I didn't say they would be superior BECAUSE of their lack of emotions. I said that human emotions are our biggest fault (what I didn't mention is that they are also our greatest asset in terms of 'being human'). The reason this 'trope' is so prevalent is because we've grown up learning human history, and throughout human history, mankind's emotional responses have been the basis for just about everything, including all the bad stuff. Religious zealots are emotional. Murders are emotional. Abusers are emotional. None of these emotions are "good" emotions, and they've caused death up to major wars where millions died.
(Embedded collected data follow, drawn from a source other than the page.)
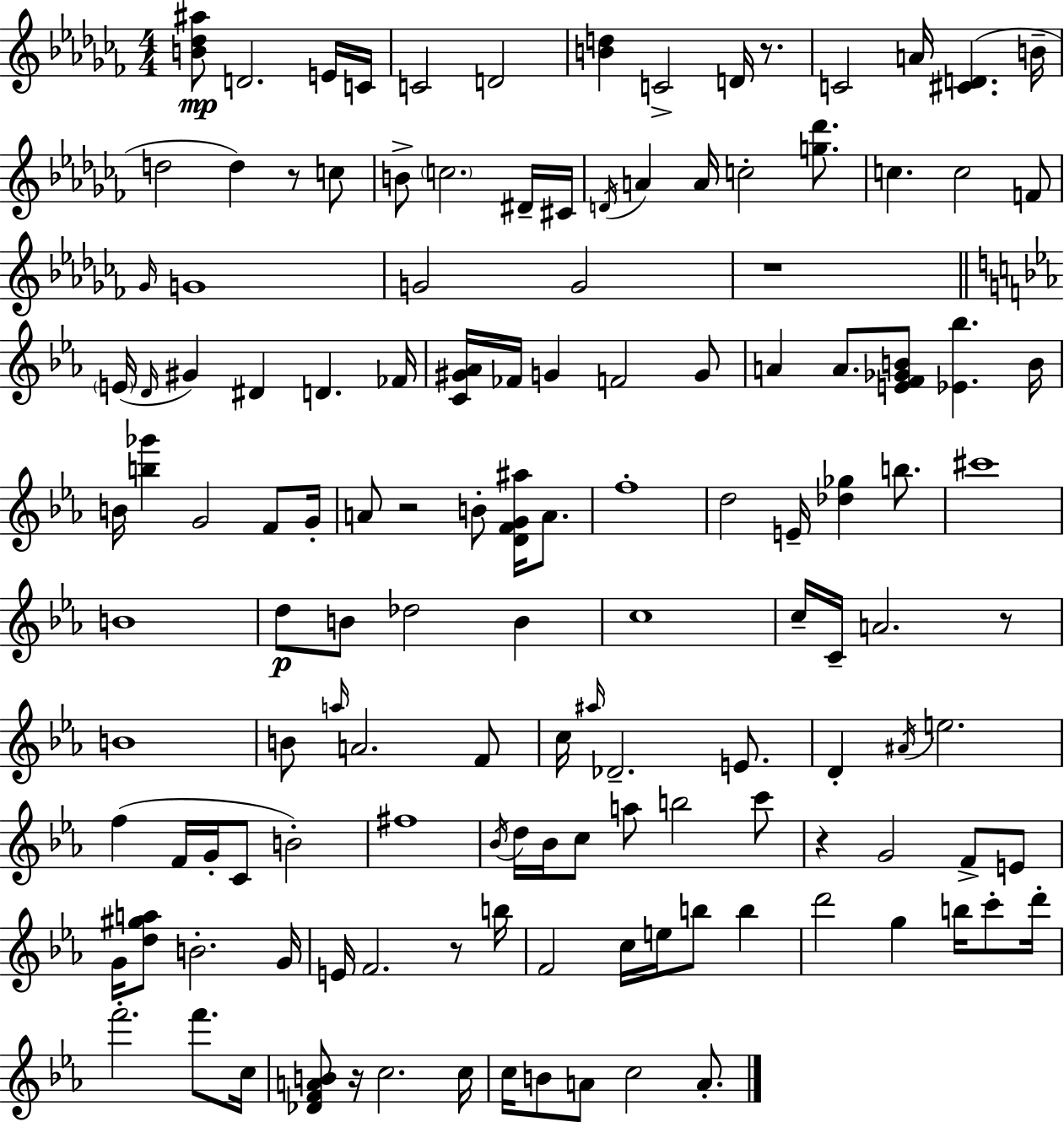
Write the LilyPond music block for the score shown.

{
  \clef treble
  \numericTimeSignature
  \time 4/4
  \key aes \minor
  \repeat volta 2 { <b' des'' ais''>8\mp d'2. e'16 c'16 | c'2 d'2 | <b' d''>4 c'2-> d'16 r8. | c'2 a'16 <cis' d'>4.( b'16-- | \break d''2 d''4) r8 c''8 | b'8-> \parenthesize c''2. dis'16-- cis'16 | \acciaccatura { d'16 } a'4 a'16 c''2-. <g'' des'''>8. | c''4. c''2 f'8 | \break \grace { ges'16 } g'1 | g'2 g'2 | r1 | \bar "||" \break \key ees \major \parenthesize e'16( \grace { d'16 } gis'4) dis'4 d'4. | fes'16 <c' gis' aes'>16 fes'16 g'4 f'2 g'8 | a'4 a'8. <e' f' ges' b'>8 <ees' bes''>4. | b'16 b'16 <b'' ges'''>4 g'2 f'8 | \break g'16-. a'8 r2 b'8-. <d' f' g' ais''>16 a'8. | f''1-. | d''2 e'16-- <des'' ges''>4 b''8. | cis'''1 | \break b'1 | d''8\p b'8 des''2 b'4 | c''1 | c''16-- c'16-- a'2. r8 | \break b'1 | b'8 \grace { a''16 } a'2. | f'8 c''16 \grace { ais''16 } des'2.-- | e'8. d'4-. \acciaccatura { ais'16 } e''2. | \break f''4( f'16 g'16-. c'8 b'2-.) | fis''1 | \acciaccatura { bes'16 } d''16 bes'16 c''8 a''8 b''2 | c'''8 r4 g'2 | \break f'8-> e'8 g'16 <d'' gis'' a''>8 b'2.-. | g'16 e'16 f'2. | r8 b''16 f'2 c''16 e''16 b''8 | b''4 d'''2 g''4 | \break b''16 c'''8-. d'''16-. f'''2.-. | f'''8. c''16 <des' f' a' b'>8 r16 c''2. | c''16 c''16 b'8 a'8 c''2 | a'8.-. } \bar "|."
} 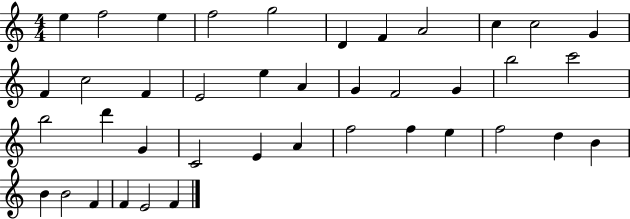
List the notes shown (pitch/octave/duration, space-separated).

E5/q F5/h E5/q F5/h G5/h D4/q F4/q A4/h C5/q C5/h G4/q F4/q C5/h F4/q E4/h E5/q A4/q G4/q F4/h G4/q B5/h C6/h B5/h D6/q G4/q C4/h E4/q A4/q F5/h F5/q E5/q F5/h D5/q B4/q B4/q B4/h F4/q F4/q E4/h F4/q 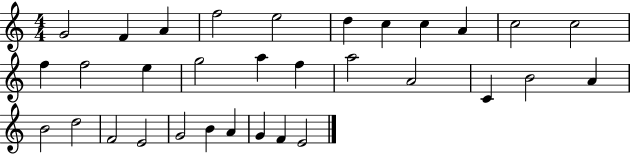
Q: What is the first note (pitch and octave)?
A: G4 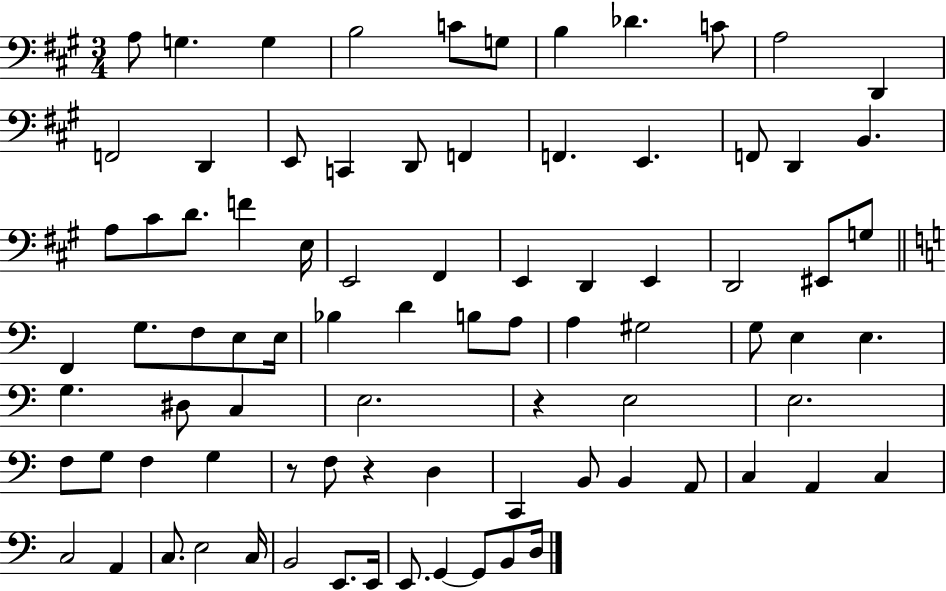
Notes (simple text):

A3/e G3/q. G3/q B3/h C4/e G3/e B3/q Db4/q. C4/e A3/h D2/q F2/h D2/q E2/e C2/q D2/e F2/q F2/q. E2/q. F2/e D2/q B2/q. A3/e C#4/e D4/e. F4/q E3/s E2/h F#2/q E2/q D2/q E2/q D2/h EIS2/e G3/e F2/q G3/e. F3/e E3/e E3/s Bb3/q D4/q B3/e A3/e A3/q G#3/h G3/e E3/q E3/q. G3/q. D#3/e C3/q E3/h. R/q E3/h E3/h. F3/e G3/e F3/q G3/q R/e F3/e R/q D3/q C2/q B2/e B2/q A2/e C3/q A2/q C3/q C3/h A2/q C3/e. E3/h C3/s B2/h E2/e. E2/s E2/e. G2/q G2/e B2/e D3/s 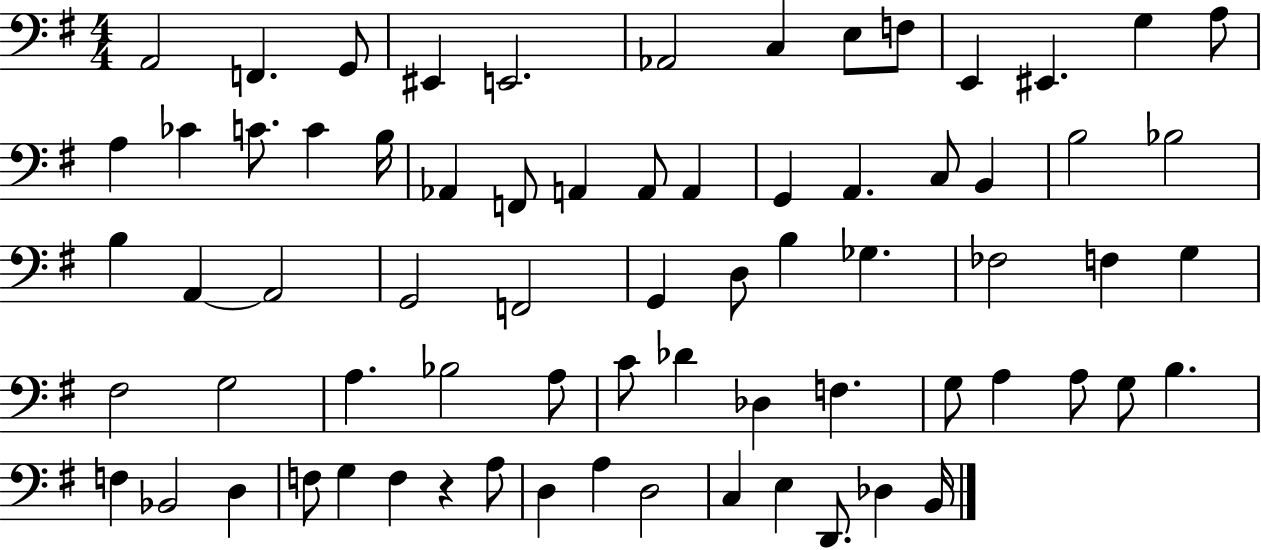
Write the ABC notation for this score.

X:1
T:Untitled
M:4/4
L:1/4
K:G
A,,2 F,, G,,/2 ^E,, E,,2 _A,,2 C, E,/2 F,/2 E,, ^E,, G, A,/2 A, _C C/2 C B,/4 _A,, F,,/2 A,, A,,/2 A,, G,, A,, C,/2 B,, B,2 _B,2 B, A,, A,,2 G,,2 F,,2 G,, D,/2 B, _G, _F,2 F, G, ^F,2 G,2 A, _B,2 A,/2 C/2 _D _D, F, G,/2 A, A,/2 G,/2 B, F, _B,,2 D, F,/2 G, F, z A,/2 D, A, D,2 C, E, D,,/2 _D, B,,/4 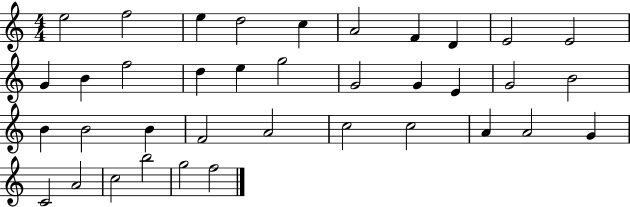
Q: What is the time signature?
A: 4/4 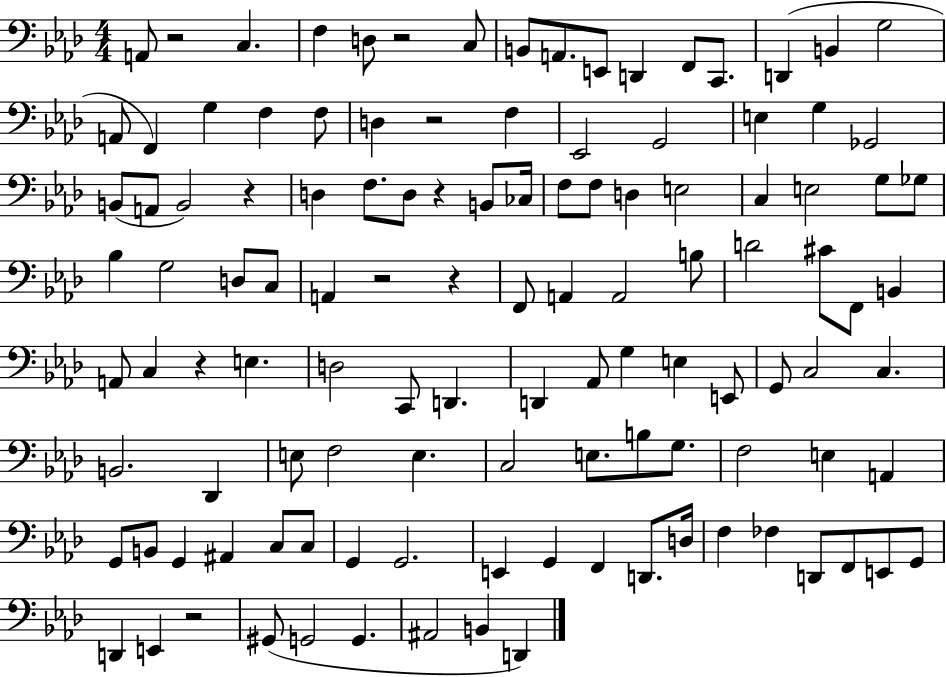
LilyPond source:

{
  \clef bass
  \numericTimeSignature
  \time 4/4
  \key aes \major
  a,8 r2 c4. | f4 d8 r2 c8 | b,8 a,8. e,8 d,4 f,8 c,8. | d,4( b,4 g2 | \break a,8 f,4) g4 f4 f8 | d4 r2 f4 | ees,2 g,2 | e4 g4 ges,2 | \break b,8( a,8 b,2) r4 | d4 f8. d8 r4 b,8 ces16 | f8 f8 d4 e2 | c4 e2 g8 ges8 | \break bes4 g2 d8 c8 | a,4 r2 r4 | f,8 a,4 a,2 b8 | d'2 cis'8 f,8 b,4 | \break a,8 c4 r4 e4. | d2 c,8 d,4. | d,4 aes,8 g4 e4 e,8 | g,8 c2 c4. | \break b,2. des,4 | e8 f2 e4. | c2 e8. b8 g8. | f2 e4 a,4 | \break g,8 b,8 g,4 ais,4 c8 c8 | g,4 g,2. | e,4 g,4 f,4 d,8. d16 | f4 fes4 d,8 f,8 e,8 g,8 | \break d,4 e,4 r2 | gis,8( g,2 g,4. | ais,2 b,4 d,4) | \bar "|."
}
It's widespread because SF authors know that human emotions are the weakest link, the easiest to manipulate, and drive us to do the worst things imaginable when triggered negatively.

A created life form without emotion does have a 'drive.' It's whatever has been programmed into it (whether into its operating system, or into its genetic, biological code). A lack of emotion doesn't mean a life form cannot learn emotion. Like "Data" on Star Trek, it might be that the life form's programming (again, whether digital or genetic) is what drives him/her/it to seek out emotions.

A computer searching for the answer to an equation / problem does not mean it has a compulsion nor does it mean the pursuit is a purely human act. It is simply part of its programming. Take distributed computing that is searching for cures by 'folding' proteins. The machines are pursuing an answer, and they are 'compelled' to do so by programming. This does not make distributed computing self-aware, nor is it an indication that the machine(s) are pursuing such humanly questions of 'who am I?' and 'why am I here?'

AI, in my opinion, wouldn't lack moral boundaries unless the programmers forgot to add those code routines in. Since one of the biggest human fears is AI taking control of everything, humans (again, not all, depends on your story's universe) typically code in multiple fail-safes, most with very strict boundaries. But, again, it depends on the author's story. Some AI want to be human, and will go to any length to try and understand what being human is like so it can begin to emulate it. Some AI think humans are dangerous creatures who are heading quickly to oblivion and wish to help. Some wish to help further that oblivion along so humans will no longer be able to ruin everything.

Beyond the emotional aspect, AI are superior to humans in every way (in most stories). They can think faster, react faster, and pull data from billions of sources at once to make a logical comparison (something humans, 100,000 years later in our evolution, still lack the ability to do because we tend to allow our emotions to become part of the equation).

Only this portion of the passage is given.